Columbine. Sandy Hook. Marjory Stoneman Douglas.

Three schools, three massacres where the majority of victims were kids.

That reality fueled Saturday’s March for Our Lives protests, across the nation and here, in Syracuse, where local high school students planned and led the march. It drew about 1,200 people, including students of all ages.

Aishwarya Varakantam, one of the event’s organizers, is a junior at Christian Brothers Academy in Syracuse. The team who planned the march expected just 300 people.

“We started off really small, just making a Facebook page,” Varakantam said. “After that, when we saw that so many people had an interest, we contacted local organizations, and then we got into contact and we started planning the march.”

Grace Vandermolen, a senior at Jamesville-DeWitt High School, volunteered at a sign-making station before the march. Protest signs can be the most memorable part of a demonstration, she said.

“We’re trying to make it available for anyone who doesn’t have a sign to speak their voice,” Vandermolen said. “I feel like when pictures get captured, I feel like that’s what sticks. I think our voices are important, too, but this can last longer and we can keep it going.”

Students of all ages participated in the demonstration, including Cy Lurie, Charlie Prior and Amie Harper, fifth graders at Cazenovia Middle School. They said that while they might not be old enough to vote yet, they have a right to be heard.

“We’re the ones that should speak up,” Lurie said. “I don’t think civilians should be armed with assault rifles and I think there should be better background checks. When the Constitution was made, they only had muskets.”

Caleb Porter, a sophomore at Jamesville-DeWitt High School, believes that students must demand reform because they are so often impacted by gun violence.

“I think it’s important that we’re leading the way with making change in this country,” Porter said. “I’m hoping for either John Katko to change his stance on gun legislation or for people to elect someone new, like Dana Balter, who can enact the legislation that will make our schools safer.”

Katko is the Republican congressman representing Syracuse who has taken campaign donations from the NRA and has received an ‘A’ rating from the association. He announced earlier this month that he wants to establish a federal commission to investigate mass shootings. Balter, a visiting professor at the Maxwell School at Syracuse University, will likely be Katko’s Democratic opponent in November.

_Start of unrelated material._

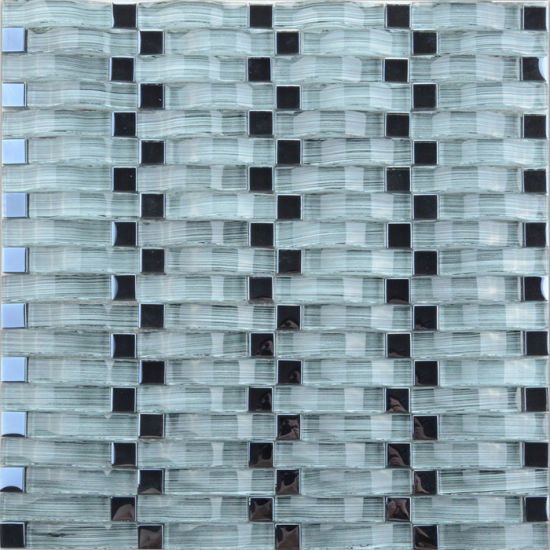 Blue Glazed Glass Mosaic Tile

Taylor Herne and Lily Byrne, two Cayuga County high school students, brought some of the more popular protest signs. Herne’s featured the slogan, “I should be writing my college essay, not my will.” Byrne’s read that assault weapons are easier to buy than Kinder Eggs, which were banned in the United States until 2017.

“We’re out here to try and gain attention to get more reform, because the way that gun laws and gun restrictions are now, anyone can get one,” Herne said. “I think that’s ridiculous.”

Charlie Prior, another fifth-grade student from Cazenovia Middle School, spoke about people who discount the power of students.

“I want things to change,” Prior said. “People notice that even us, the ones they don’t expect to talk, are the ones talking.”